**Exercise instructions:** Please write out only the lines from the line with "A 40-year-old otherwise" to the line with "The markets of", inclusive, exactly as they stand below, without the pictures.

**Study material:**
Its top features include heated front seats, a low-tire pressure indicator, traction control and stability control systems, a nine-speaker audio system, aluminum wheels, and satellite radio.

---

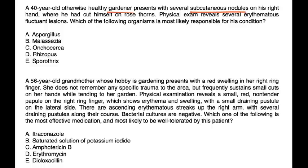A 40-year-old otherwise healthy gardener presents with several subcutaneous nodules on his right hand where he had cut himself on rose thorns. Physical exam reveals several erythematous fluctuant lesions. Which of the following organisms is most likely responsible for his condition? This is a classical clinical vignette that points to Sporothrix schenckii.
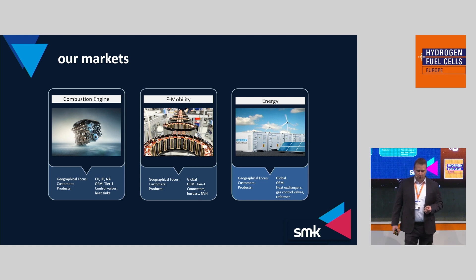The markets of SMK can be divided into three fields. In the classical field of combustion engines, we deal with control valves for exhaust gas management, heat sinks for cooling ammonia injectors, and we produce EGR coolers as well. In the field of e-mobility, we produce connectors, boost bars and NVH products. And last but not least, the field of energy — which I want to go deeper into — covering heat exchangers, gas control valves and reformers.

**Response to this exercise:**
A 40-year-old otherwise healthy gardener presents with several subcutaneous nodules on his right hand where he had cut himself on rose thorns. Physical exam reveals several erythematous fluctuant lesions. Which of the following organisms is most likely responsible for his condition? This is a classical clinical vignette that points to Sporothrix schenckii.
The markets of SMK can be divided into three fields. In the classical field of combustion engines, we deal with control valves for exhaust gas management, heat sinks for cooling ammonia injectors, and we produce EGR coolers as well. In the field of e-mobility, we produce connectors, boost bars and NVH products. And last but not least, the field of energy — which I want to go deeper into — covering heat exchangers, gas control valves and reformers.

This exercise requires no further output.